The attackers were able to reset passwords and send Tweets from the hijacked accounts. They may have tried to sell some of the account usernames. In the case of eight accounts, the attackers downloaded the account history and data. These accounts were not verified.

The Twitter login cyber attack began on July 15. Tweets sent from the compromised Twitter account promised high returns for money given to a Bitcoin wallet. Bitcoin transactions cannot be reversed. Anyone who deposits cryptocurrency in a bitcoin wallet is unable to recover the money unless the recipient returns it.

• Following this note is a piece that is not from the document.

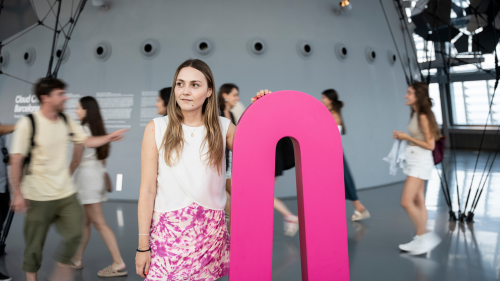 Joven mujer en Mirador torre Glòries, la visita imprescindible en Barcelona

The Twitter post states that the company is still working to remediate the and not disclosing those details at this time. The company was still working over the weekend to restore access to accounts impacted by this cyber attack as well as continuing their investigation.

Training to protect against social engineering attacks, phishing emails, malware, and other types of cyberattacks is a critical part of securing your computers, phones, and all online accounts from scammers and hackers. Low-cost apps like virtual private networks, called VPNs, can be used to protect a device as you use the internet. Using a VPN service like ExpressVPN Stop hackers from intercepting your usernames, passwords, and payment card information.

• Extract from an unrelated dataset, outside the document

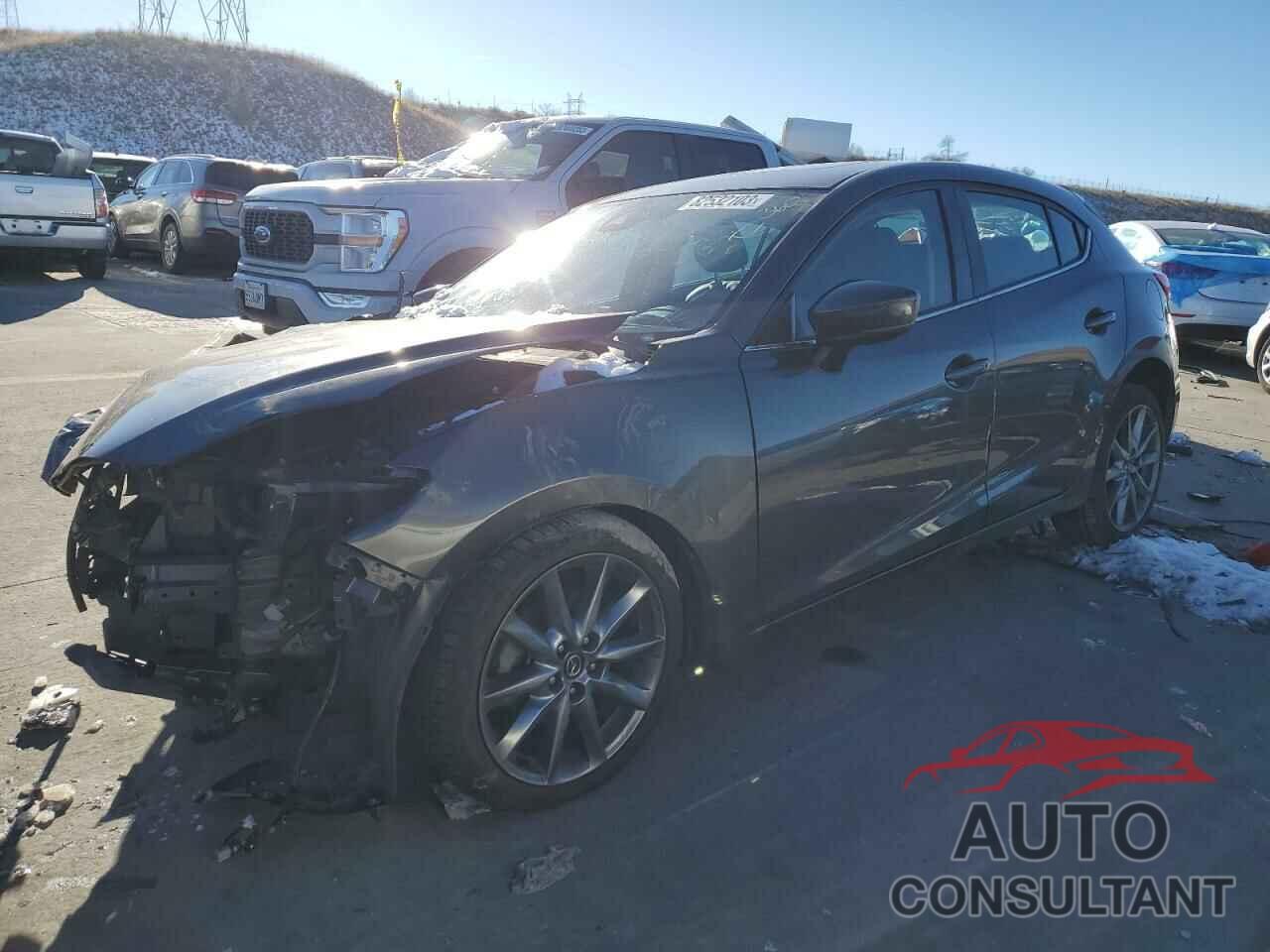 MAZDA 3 2018 - 3MZBN1M32JM160414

A password vault to create strong and unique passwords for each online account. It stores them in one server secure location, so you don’t have to worry about saving hundreds of passwords for every one of your logins including your Twitter login.

Filed Under: Data Breach Tagged With: Twitter

About Max

Max is a Data Privacy Coordinator at a major global law firm and a science fiction author residing in the Philadelphia area. He has been writing for https://www.askcybersecurity.com since early 2017.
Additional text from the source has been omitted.